Ironically, lack of proper contextualization is a problem that gaming is uniquely suited to addressing. Its interactivity allows for ways to immerse an audience in a character’s story that are unavailable to mediums like film or literature. I played two games recently that embraced this functionality, both of which proved in the process that leaning on filmmaking techniques to tell a resonant story is not always necessary in gaming.
The Fullbright Company’s Gone Home, which they refer to as “a story exploration game” for PC, is an extreme exercise in context creation. There is no linear narrative. The player is placed in the role of a 20-year-old woman returning to her family’s home after an extended trip to Europe. The player finds an ambiguously-worded note on the front door and an empty house behind it. The only course of action is to try and find out what happened at home during that trip and figure out where everyone is.
The resulting experience focuses on reconstructing the circumstances surrounding these people’s lives and the decisions they’ve made. As Kaitlin Greenbriar, the player inspects hundreds of objects around the home, looking through drawers and reading letters and diary entries, listening to phone messages and inspecting old photos. It’s illuminating and intimate and relies entirely on the player’s ability to connect the implied dots. Relationships come fully into view over the course of the game’s two or three hours without needing the assistance of a cutscene.
Gone Home trusts its audience to keep up, and its meticulous attention to detail makes that possible. It might feel a little strange at first — if these people ever come home, I have a hell of a lot of explaining to do — but the act of exploring this family’s home creates an emotional spectrum for the player in a manner that would be impossible to replicate in a different medium. It’s as human a gaming experiences as I can recall.

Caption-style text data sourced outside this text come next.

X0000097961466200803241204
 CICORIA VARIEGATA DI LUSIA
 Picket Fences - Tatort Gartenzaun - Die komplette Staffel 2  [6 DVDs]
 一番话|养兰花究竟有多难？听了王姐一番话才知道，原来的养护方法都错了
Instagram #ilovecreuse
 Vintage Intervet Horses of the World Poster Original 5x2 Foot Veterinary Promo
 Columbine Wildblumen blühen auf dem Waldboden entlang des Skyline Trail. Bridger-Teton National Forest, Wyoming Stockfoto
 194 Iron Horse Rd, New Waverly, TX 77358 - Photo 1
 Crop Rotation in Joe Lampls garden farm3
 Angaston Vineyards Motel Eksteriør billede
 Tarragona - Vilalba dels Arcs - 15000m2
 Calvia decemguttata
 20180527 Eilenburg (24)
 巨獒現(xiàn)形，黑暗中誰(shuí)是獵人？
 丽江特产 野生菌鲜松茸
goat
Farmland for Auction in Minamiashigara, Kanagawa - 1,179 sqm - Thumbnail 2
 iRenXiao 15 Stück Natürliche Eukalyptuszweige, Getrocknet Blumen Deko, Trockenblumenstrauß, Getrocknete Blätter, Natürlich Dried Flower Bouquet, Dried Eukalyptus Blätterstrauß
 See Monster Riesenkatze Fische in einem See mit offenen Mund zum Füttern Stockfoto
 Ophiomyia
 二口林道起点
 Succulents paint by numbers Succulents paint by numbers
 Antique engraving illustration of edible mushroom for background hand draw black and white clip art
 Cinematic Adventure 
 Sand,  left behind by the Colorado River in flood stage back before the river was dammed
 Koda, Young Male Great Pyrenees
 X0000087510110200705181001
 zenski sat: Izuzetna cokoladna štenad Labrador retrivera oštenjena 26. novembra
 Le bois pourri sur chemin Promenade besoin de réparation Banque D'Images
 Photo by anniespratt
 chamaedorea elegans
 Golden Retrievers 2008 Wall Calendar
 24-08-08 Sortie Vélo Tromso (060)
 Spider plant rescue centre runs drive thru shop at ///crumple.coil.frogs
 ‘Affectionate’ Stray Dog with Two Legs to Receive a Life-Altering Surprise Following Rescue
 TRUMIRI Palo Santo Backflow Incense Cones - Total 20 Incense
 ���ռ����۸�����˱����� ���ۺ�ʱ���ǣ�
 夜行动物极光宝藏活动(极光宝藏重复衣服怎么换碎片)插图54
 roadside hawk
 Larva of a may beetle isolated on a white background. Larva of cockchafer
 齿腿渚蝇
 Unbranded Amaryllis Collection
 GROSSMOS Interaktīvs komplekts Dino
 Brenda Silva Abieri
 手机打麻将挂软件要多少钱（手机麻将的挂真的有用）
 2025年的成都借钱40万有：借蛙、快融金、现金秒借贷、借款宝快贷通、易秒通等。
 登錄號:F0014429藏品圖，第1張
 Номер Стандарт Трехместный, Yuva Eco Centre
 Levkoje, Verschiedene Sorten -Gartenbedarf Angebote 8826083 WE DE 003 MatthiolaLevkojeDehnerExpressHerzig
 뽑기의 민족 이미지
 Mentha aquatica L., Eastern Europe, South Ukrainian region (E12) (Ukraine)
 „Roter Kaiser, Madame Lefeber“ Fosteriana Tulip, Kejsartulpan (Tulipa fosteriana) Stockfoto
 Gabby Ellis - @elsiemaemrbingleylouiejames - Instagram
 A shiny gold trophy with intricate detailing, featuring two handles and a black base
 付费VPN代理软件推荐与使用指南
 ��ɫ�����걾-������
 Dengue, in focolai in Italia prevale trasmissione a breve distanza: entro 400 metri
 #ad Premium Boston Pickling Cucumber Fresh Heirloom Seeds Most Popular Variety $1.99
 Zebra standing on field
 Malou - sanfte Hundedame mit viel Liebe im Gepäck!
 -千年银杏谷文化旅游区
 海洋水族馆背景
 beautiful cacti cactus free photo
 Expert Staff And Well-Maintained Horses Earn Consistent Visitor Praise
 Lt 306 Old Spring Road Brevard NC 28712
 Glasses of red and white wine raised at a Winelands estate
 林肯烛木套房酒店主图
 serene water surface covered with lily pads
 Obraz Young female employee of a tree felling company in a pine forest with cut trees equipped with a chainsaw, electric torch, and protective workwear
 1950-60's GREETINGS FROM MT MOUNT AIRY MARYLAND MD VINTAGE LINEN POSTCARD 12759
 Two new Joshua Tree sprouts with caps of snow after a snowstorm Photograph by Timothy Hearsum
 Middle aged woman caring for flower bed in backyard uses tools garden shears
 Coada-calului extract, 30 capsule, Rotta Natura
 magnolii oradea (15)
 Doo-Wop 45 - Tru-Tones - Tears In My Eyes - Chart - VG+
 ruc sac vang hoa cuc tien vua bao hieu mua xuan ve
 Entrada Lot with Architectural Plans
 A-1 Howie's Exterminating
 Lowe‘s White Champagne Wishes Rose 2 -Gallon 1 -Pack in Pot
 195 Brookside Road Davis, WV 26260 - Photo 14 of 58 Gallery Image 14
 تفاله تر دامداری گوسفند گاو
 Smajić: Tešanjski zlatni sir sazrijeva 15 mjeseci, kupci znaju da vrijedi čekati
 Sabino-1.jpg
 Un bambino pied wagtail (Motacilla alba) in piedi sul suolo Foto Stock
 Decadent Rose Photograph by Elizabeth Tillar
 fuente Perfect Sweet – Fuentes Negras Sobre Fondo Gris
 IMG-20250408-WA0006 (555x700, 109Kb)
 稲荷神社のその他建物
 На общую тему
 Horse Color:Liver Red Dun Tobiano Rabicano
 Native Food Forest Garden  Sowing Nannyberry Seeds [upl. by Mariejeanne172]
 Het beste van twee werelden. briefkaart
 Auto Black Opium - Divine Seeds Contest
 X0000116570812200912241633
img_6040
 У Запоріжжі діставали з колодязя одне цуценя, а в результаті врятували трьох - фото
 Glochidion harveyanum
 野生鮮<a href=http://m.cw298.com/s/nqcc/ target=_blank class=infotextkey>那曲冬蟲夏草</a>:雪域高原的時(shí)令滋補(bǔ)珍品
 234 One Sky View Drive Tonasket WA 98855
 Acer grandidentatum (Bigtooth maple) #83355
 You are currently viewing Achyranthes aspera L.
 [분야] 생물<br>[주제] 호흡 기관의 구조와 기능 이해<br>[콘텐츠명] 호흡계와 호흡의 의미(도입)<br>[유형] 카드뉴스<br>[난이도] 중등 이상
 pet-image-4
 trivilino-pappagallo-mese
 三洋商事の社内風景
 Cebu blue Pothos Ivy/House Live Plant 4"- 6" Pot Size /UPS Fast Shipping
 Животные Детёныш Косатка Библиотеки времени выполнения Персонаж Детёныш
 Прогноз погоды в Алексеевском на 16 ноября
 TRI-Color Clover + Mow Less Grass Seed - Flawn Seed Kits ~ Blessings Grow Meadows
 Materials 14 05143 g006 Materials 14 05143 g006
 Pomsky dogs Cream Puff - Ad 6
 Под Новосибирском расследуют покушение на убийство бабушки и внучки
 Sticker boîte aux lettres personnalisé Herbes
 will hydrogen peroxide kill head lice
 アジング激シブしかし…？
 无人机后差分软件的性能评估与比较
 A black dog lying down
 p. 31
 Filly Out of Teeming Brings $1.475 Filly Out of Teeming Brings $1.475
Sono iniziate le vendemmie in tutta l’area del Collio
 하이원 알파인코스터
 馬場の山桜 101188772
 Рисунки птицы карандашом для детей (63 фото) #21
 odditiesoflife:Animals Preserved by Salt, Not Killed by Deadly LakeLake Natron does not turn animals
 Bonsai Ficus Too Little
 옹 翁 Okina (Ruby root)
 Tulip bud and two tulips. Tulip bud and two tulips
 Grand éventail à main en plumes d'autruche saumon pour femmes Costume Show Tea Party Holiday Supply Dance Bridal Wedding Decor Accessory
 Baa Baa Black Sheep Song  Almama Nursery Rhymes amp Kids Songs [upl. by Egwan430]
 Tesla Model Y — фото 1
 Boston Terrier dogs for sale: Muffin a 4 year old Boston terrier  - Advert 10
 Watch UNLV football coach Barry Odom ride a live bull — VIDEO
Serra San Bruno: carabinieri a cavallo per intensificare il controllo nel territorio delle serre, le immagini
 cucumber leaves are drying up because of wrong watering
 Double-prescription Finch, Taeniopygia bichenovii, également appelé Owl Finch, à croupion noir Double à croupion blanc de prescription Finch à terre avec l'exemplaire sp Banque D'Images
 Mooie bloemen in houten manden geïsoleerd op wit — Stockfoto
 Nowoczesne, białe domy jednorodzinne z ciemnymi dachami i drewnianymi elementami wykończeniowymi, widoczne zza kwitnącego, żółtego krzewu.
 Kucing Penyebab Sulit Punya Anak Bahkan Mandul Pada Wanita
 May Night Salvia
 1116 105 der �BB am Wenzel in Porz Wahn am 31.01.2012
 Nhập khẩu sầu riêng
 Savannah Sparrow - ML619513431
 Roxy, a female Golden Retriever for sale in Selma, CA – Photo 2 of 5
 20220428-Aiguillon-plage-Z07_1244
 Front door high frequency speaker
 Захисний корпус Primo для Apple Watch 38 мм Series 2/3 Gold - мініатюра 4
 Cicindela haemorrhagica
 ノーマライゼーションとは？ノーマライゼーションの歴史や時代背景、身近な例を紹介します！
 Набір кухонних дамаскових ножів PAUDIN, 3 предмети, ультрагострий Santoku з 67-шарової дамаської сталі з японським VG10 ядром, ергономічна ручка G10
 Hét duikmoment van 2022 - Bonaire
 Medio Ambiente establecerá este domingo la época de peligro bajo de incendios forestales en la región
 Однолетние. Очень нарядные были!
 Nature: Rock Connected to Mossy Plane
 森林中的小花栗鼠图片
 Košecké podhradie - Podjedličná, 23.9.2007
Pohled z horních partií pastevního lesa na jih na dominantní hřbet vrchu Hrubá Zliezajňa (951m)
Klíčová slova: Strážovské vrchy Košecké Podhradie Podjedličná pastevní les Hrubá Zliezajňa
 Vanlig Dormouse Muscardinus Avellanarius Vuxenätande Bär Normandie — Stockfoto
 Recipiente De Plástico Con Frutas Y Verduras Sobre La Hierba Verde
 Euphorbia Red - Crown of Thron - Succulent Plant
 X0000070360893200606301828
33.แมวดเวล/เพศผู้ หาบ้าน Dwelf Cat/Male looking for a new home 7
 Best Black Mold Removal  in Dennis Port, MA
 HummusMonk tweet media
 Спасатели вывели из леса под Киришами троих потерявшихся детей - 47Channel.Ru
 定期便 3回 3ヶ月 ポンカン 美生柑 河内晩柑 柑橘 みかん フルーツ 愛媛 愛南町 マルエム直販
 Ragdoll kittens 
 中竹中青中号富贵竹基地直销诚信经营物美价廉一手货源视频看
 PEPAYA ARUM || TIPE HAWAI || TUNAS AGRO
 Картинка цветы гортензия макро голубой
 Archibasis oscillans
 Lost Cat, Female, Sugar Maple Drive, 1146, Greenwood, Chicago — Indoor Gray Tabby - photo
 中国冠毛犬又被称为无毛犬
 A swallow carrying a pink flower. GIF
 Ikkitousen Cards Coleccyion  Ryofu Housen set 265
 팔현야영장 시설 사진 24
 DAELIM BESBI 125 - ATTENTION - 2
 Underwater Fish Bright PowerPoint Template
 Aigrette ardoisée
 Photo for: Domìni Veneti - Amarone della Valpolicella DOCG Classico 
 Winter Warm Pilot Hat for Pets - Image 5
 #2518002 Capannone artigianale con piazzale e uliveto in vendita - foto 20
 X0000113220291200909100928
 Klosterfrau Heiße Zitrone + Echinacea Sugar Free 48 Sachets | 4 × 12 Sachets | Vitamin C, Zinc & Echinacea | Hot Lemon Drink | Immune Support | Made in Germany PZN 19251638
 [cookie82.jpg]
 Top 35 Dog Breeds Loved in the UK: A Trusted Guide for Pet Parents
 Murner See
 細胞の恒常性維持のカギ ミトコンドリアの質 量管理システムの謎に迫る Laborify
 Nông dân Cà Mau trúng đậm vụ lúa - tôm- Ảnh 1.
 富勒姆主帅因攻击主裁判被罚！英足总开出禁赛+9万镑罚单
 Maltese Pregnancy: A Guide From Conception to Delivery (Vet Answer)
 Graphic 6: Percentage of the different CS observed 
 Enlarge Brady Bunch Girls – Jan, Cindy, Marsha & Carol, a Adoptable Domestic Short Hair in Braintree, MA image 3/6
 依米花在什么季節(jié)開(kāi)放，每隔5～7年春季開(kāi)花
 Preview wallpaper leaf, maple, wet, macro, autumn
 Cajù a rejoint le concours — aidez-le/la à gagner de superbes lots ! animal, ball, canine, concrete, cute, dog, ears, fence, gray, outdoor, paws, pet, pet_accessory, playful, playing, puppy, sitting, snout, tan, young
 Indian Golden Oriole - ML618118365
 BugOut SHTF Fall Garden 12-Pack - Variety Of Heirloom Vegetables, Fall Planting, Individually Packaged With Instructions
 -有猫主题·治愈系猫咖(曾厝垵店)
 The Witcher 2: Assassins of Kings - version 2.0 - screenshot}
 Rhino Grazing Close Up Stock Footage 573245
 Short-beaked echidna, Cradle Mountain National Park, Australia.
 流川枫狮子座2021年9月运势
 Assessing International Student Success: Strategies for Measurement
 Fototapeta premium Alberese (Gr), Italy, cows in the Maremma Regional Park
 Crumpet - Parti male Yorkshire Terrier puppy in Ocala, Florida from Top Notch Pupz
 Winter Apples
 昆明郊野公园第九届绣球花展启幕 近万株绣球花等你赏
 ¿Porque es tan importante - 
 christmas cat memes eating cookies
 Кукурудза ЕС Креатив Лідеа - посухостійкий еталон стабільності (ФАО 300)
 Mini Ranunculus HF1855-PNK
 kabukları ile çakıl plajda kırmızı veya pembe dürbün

The other recent game that demonstrates gaming’s strengths in context creation is Brothers: A Tale of Two Sons. Yes, this is the same game that I called “ridiculous” for daring to introduce its story with personal drama instead of an escape from a train dangling off the side of a cliff. Outside of those overwrought cutscenes, though, Brothers makes wonderful use of worldbuilding and gradual character development to create an honest emotional connection with the player.
After the early exposition is out of the way, the player controls the brothers as they traverse a land modeled after folktales and fables. The idyllic introductory town is populated with villagers the brothers can interact with, gradually revealing their personalities. The younger one plays pranks on adults and spits down wells to hear how deep they reach. The older one tries to help people out and shakes his head disapprovingly at his kid brother’s nonsense. It’s simple but effective thanks to the way these interactions present themselves. They’re never imposed on the player.
This makes for an unnerving experience as the world of the game becomes more sinister with each new area the brothers discover. They leave their rustic hometown and come upon a forest where corpses hang from trees. Later, the brothers run through shallow water dyed deep red from the wounds of dead soldiers left behind after battle.
It’s uncomfortable stuff. The game details the brothers’ loss of innocence through interactions with a living world rather than through fixed cutscenes. As players, we experience firsthand as these two form an irreplaceable bond in order to persevere. We learn, just as they do, that the world around them is an ugly place.
All of that important storytelling is done without taking control away from the player. Towards its conclusion, the game again relies on cutscenes to push the narrative along. It’s unnecessary, because the most powerful moments in Brothers’ last act, and in any game I’ve played in the last year, come down to simple button presses that reinforce the themes of family and loss.
There is certainly a place for cinematic storytelling in games. But Gone Home and Brothers: A Tale of Two Sons show that there are rewarding ways for games, outside of cutscenes, to do the fundamental work of getting an audience to care about their characters.